I will qualify myself further in the following pages yet I want the reader to know that this writer has lived it. I have tried to quit cold turkey, I have done assisted withdrawal where they brought me down with Clonidine, that's actually a blood pressure drug that they found helps with the symptoms of withdrawal, I can say that it didn't help me much! I've kicked with the help of Suboxone, and when given in the proper dosage is the best way to come off of opiates, however Suboxone is an an opiate and you can become dependent on it. Many factors go into treating an addict, so there is really no cookie cutter approach when dealing with any individual. Some of the factors that need to be looked at when determining the best way to detox a person and to keep a successful maintained abstinence from the opiates are: type of opiate, length of time using it, amount used, and whether it was injected, snorted or smoked.
The unfortunate truth is that 90 percent of heroin addicts will relapse in their first year even after a stay at the local rehab. You have to tailor the recovery process to the person but another unfortunate truth is that some of these programs simply don't understand the opiate addicted brain. If they do their indifference is tantamount of malpractice, but hey what do I know? They have the PHD, I've only lived it. Now I don't know the technical terms, so I'm just going to explain the opiate brain in my own terms.
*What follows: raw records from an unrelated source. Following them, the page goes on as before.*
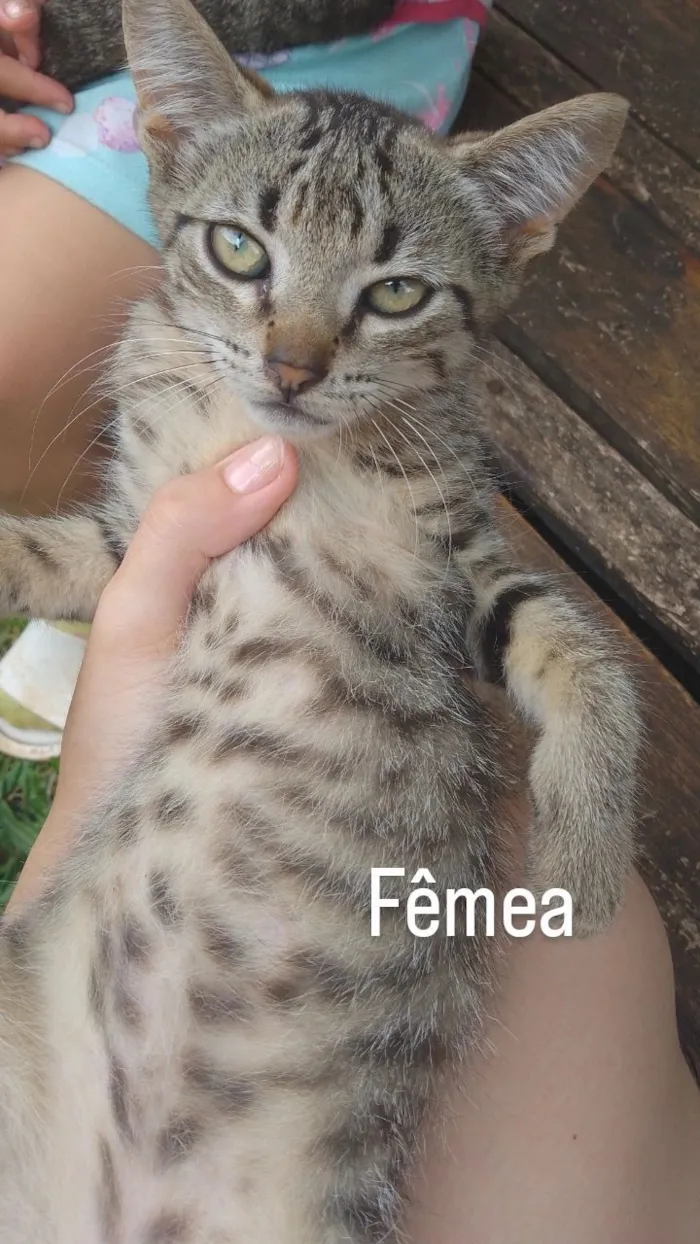 Ainda não tem nomes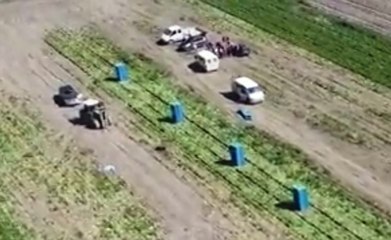 L'Aquila - Controlli contro caporalato nella piana del Fucino (05.09.19)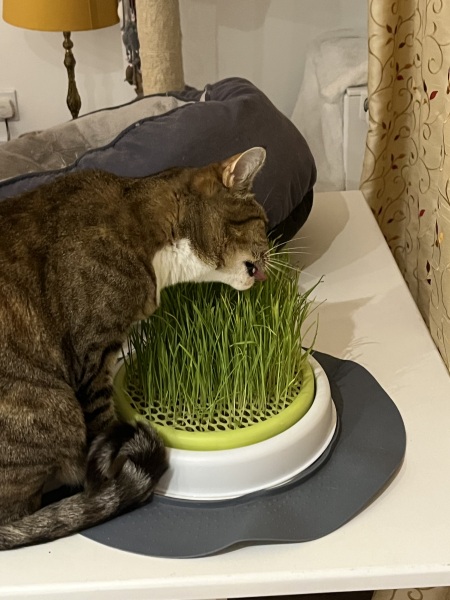 Roond and roond and up and doon - the Excellent Cats roam aboot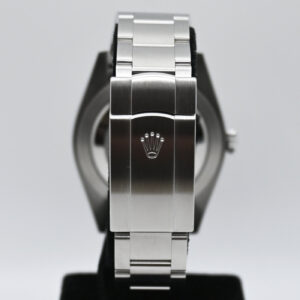 9 Rolex oyster perpetual 41mm silver 124300 9371_resultado
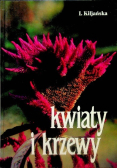 Kwiaty i krzewy do twojego ogrodu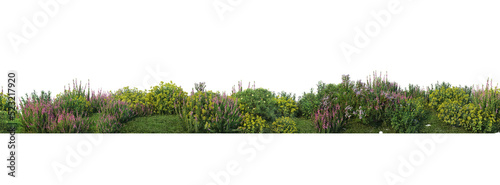 Foto Shrubs and flower on a transparent background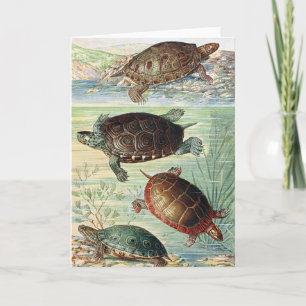 Tarjeta de ilustración de tortugas de agua de libr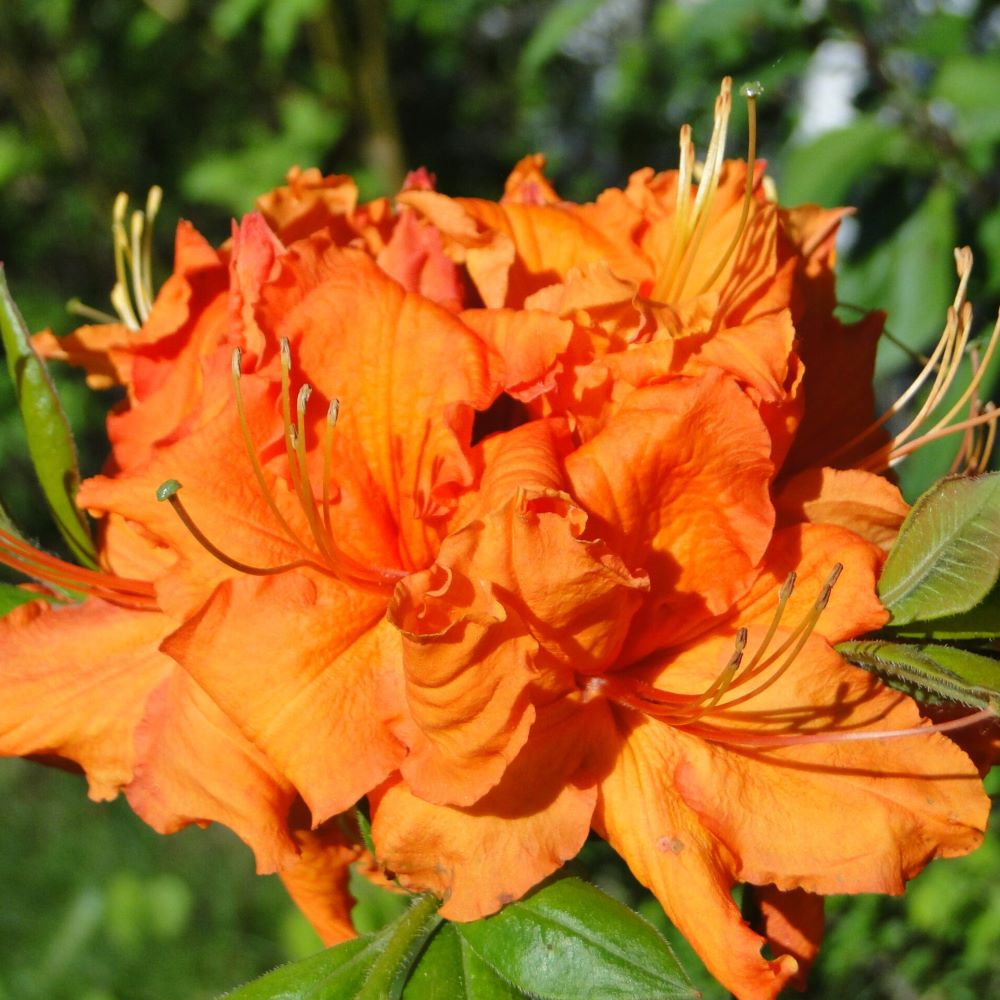 Azalia Wielkokwiatowa 'Gibraltar'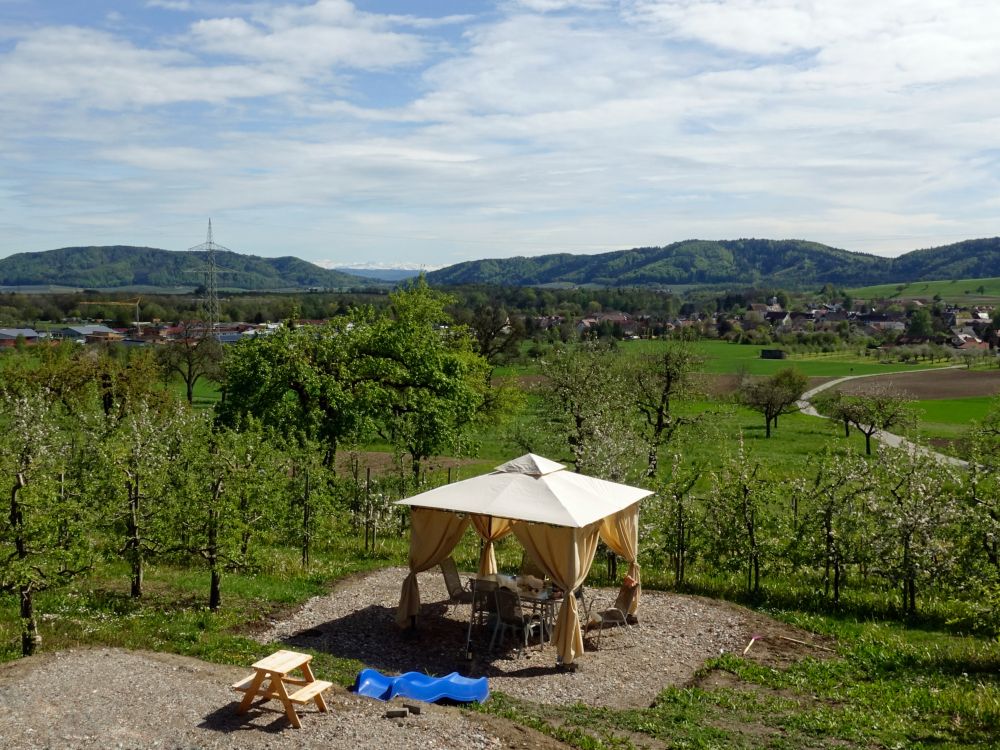 Garten über Nenzingen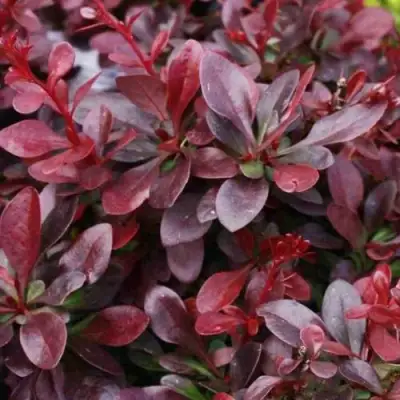 Барбарис АТРОПУРПУРЕА НАНА тунберга в Минске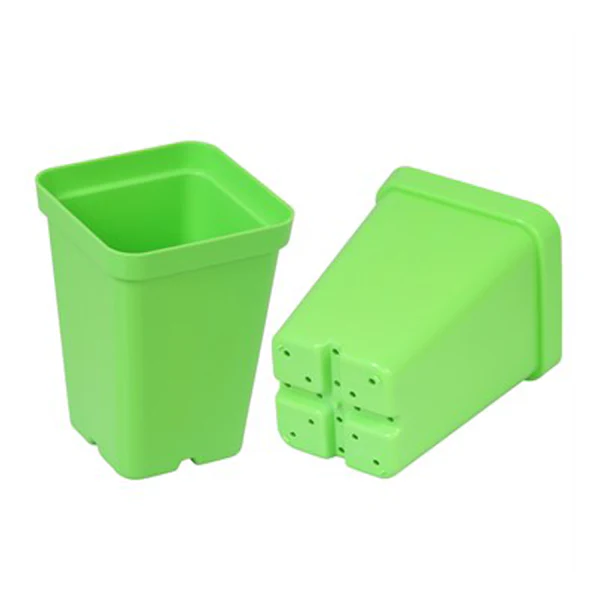 SunPack Square Pot Green 2.5 IN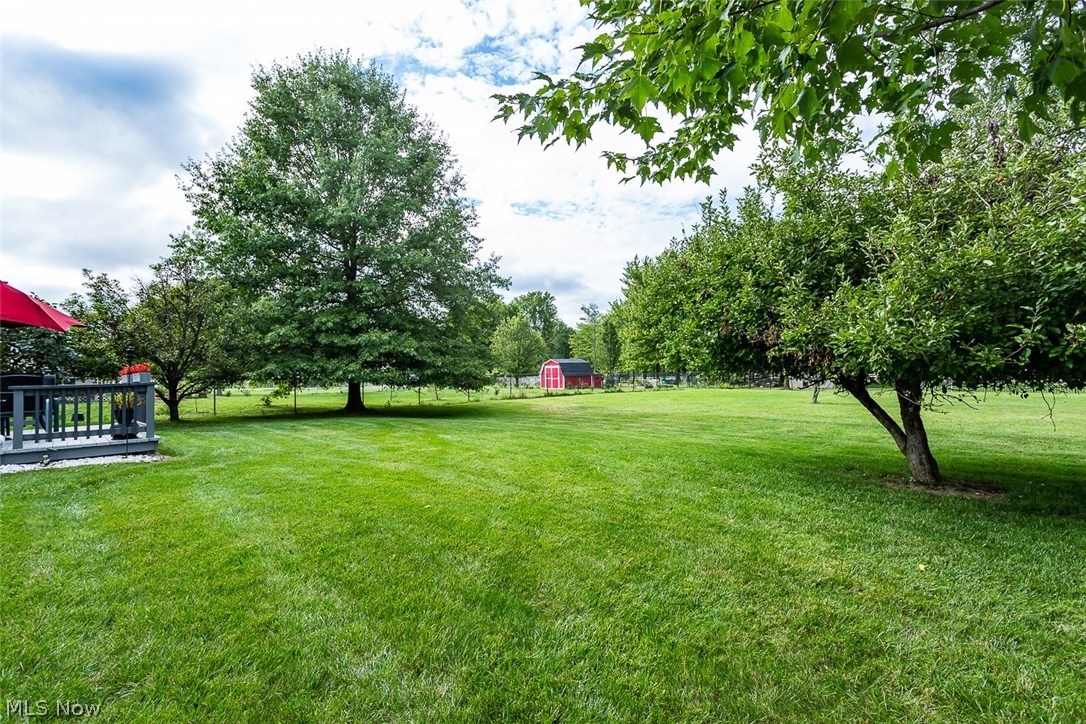13092 Whitney Road Strongsville, OH 44136 - Photo 31 of 31 Gallery Image 31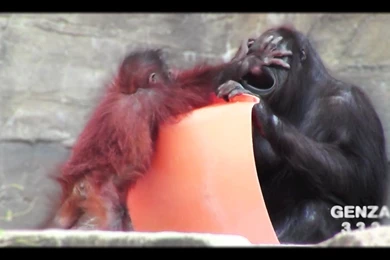 Spoiled Brat Baby Orangutan   YouTube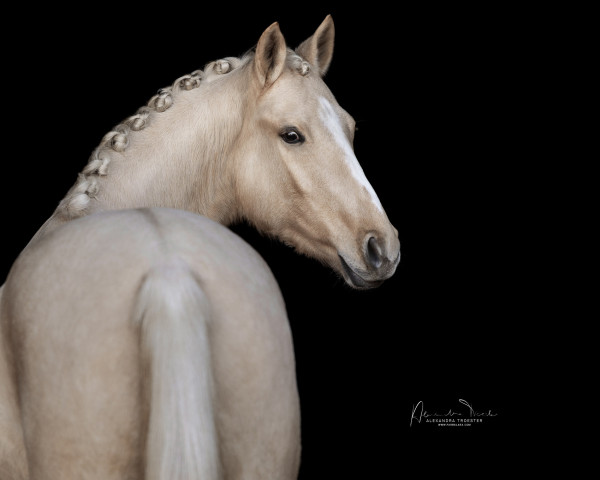 broodmare Golden Sunshine JN (German Riding Pony, 2020, from Genscher)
All people have naturally occurring opiates in their brain, the brain releases these opiates in response to working out, love, orgasm or in response to pain. When these naturally occurring endorphins are released in our brain we have over all good feelings, a state of well being. These endorphins are essential to a healthy functioning brain. When a person takes heroin or any opiate it floods the pleasure centers of the brain this outside stimuli is many times stronger then what your body produces. I've been asked by people who have never tried heroin what it feels like, and it's very hard to describe, however I've used the following answer to give a normal person an idea of the sense of bliss heroin gives you. Imagine you were naked in the middle of a huge ocean dropping to the bottom just moments before freezing to death, and suddenly you are scooped up in a warm, fluffy blanket that smells as sweet as lilacs, while someone holds you in their arms and continually strokes your hair. If you take that visual and multiply it by ten. That's how I felt seconds after taking the syringe out of my arm. Now I'm not trying to sound like I'm pro heroin, but let's be honest with ourselves there are not millions of addicts because it doesn't feel good.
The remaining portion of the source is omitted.